Para ver na Netflix: EU, DANIEL BLAKE (I, Daniel Blake)
Nota 8

Em outubro de 2012, quando eu estava recém-mudada de volta para Beagá, escrevi um longo post aqui no blog relatando minha experiência no que chamei de “carrossel do inferno”, entre SACs de empresas de telefonia: “Acho que só existe uma coisa no mundo que é tão ruim quanto a tortura, mas nem é considerada uma tortura pelas entidades de direitos humanos internacionais: o labirinto a que somos submetidos a cada vez que precisamos falar com um serviço de televendas, ou central de atendimento ao consumidor.”

O filme “Eu, Daniel Blake” se inicia com uma dessas conversas surreais entre um cidadão, Dan, e uma atendente de um serviço, no caso, representante do governo.
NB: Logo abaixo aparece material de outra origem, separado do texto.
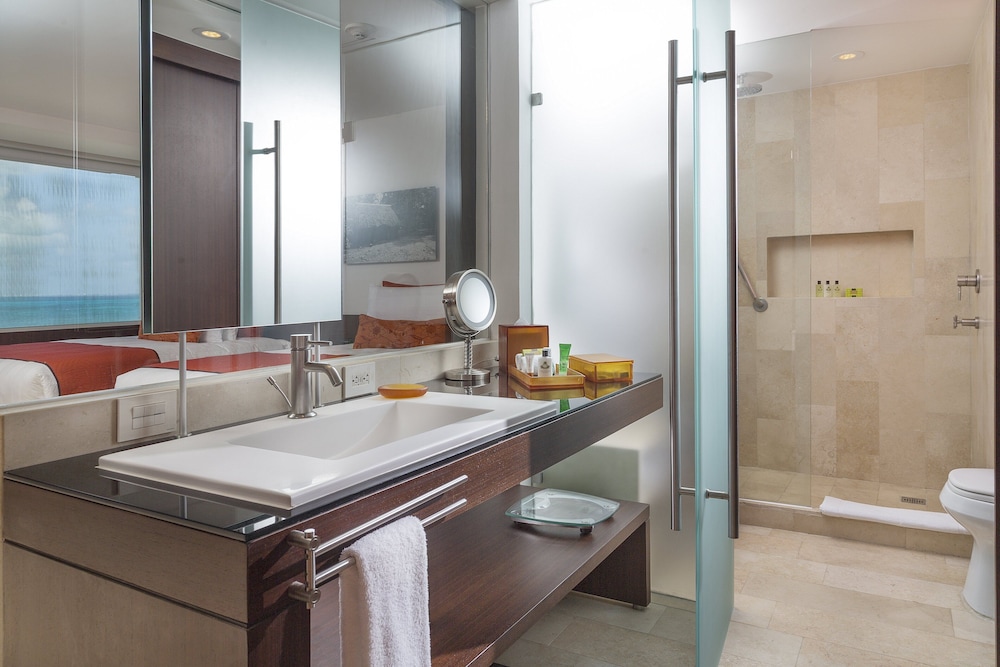 Room, 2 Queen Beds, Club Lounge Access, Lagoon View thumbnail 5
Ao longo de quase 3 minutos iniciais de filme, sofremos com as respostas frias e automáticas que Dan ouve a cada questionamento que faz. Mais adiante no filme, outros diálogos como este se repetirão, alguns por telefone, outros pessoalmente. Todos eles têm em comum a mesma frieza, despreparo e burocracia dos atendentes diante de uma pessoa de carne e osso, com um problema real que precisa ser solucionado.

O filme inteiro é um longo carrossel do inferno, de uma hora e quarenta minutos de duração.
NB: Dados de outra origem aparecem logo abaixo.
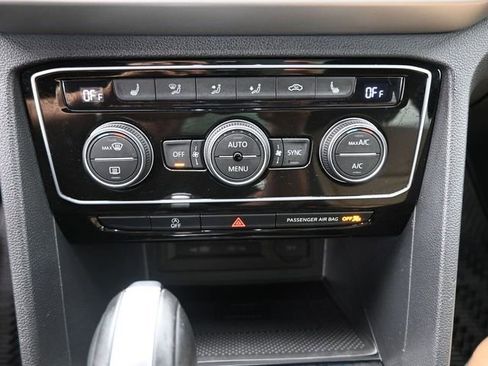 Certified 2023 Volkswagen Atlas Cross Sport SEL R-Line image 4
Não quero dizer, com isso, que seja um filme ruim, mas que seja um filme realista ao traçar o retrato de como boa parte da população é (des)tratada, especialmente a população mais necessitada. Daniel é um senhor de 59 anos, carpinteiro, que sofreu um ataque cardíaco e foi proibido pela médica de voltar ao trabalho. Tenta conseguir auxílio-doença para sobreviver, mas a pessoa que faz a perícia nele – que não é médica, diga-se de passagem – diz que ele é apto a trabalhar. E aí ele segue numa luta sem fim para contornar os meandros kafkianos do Estado, verdadeiramente cruéis, e fazer jus ao seu direito, que também é sua sobrevivência.

O filme se passa na Inglaterra, os sotaques são absolutamente britânicos, o frio é até cinza, mas certamente temos vários personagens como este vivendo a mesma luta no sistema brasileiro, nas perícias do INSS e do seguro-desemprego. E em todas as partes do mundo, porque burocracia não é privilégio nosso. O diretor Ken Loach retratou com brilhantismo – talvez apenas com uma certa falta de leveza, uma brutalidade um pouco excessiva – uma situação humana e universal, interpretada pelo ator Dave Johns com grande personalidade.
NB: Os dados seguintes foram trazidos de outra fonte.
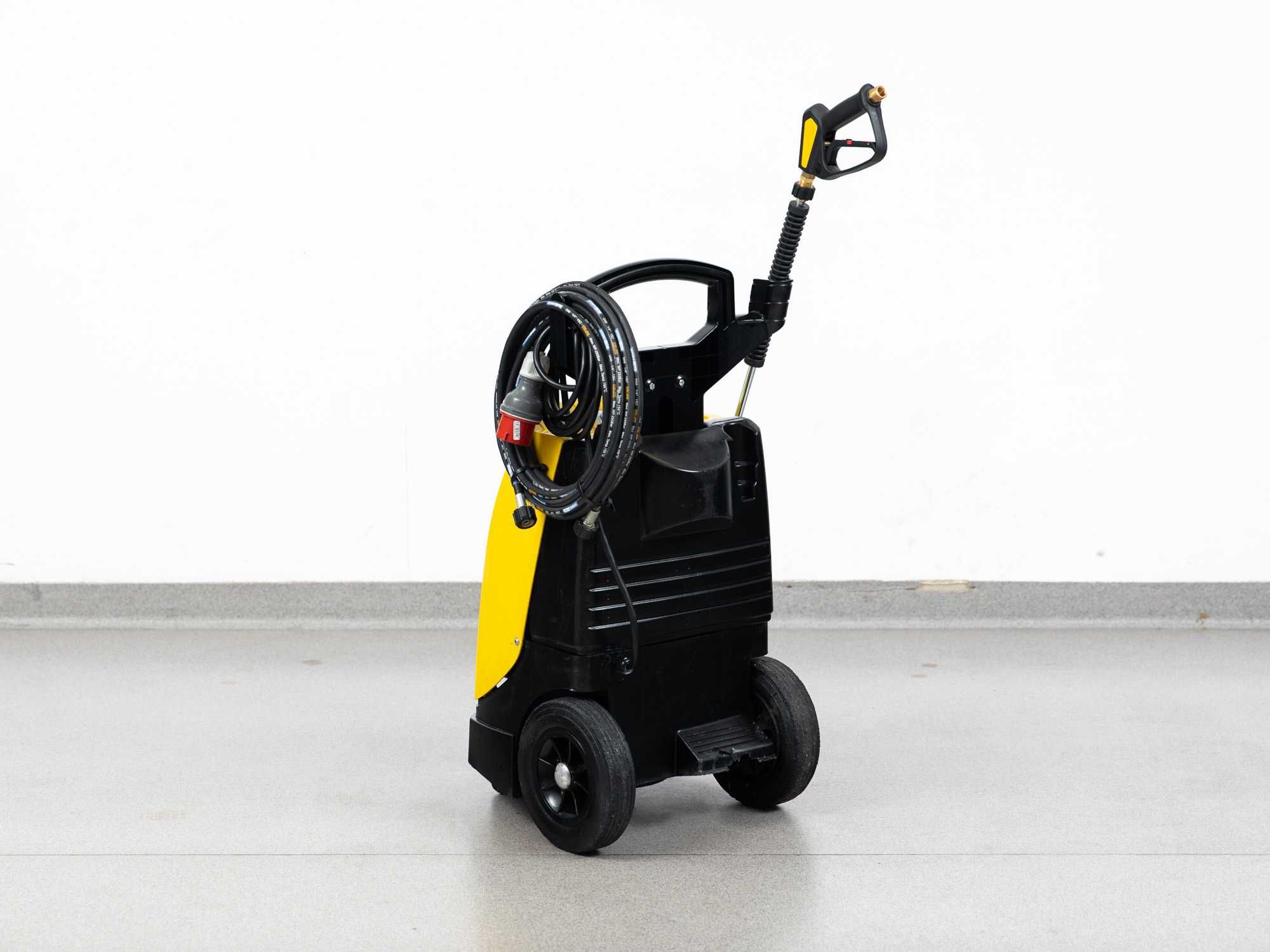 MYJKA CIŚNIENIOWA KARCHER HD 1290, 170bar 1290l/h 400V 8,4kW 3900netto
Daniel Blake é o herói suburbano, é o homem comum que quer desesperadamente voltar a trabalhar, mas não pode, que tenta sobreviver, mas sem nunca esquecer de ajudar aos outros, como a família de Katie (Hayley Squires), ela própria também responsável por muitas das lágrimas que derrubamos ao ver este filme. Dan cativa imediatamente o expectador, que se identifica nele.

Que nunca tenhamos que passar pelo que Dan passou, mas não temos garantias nenhuma disso. Salve-se quem puder!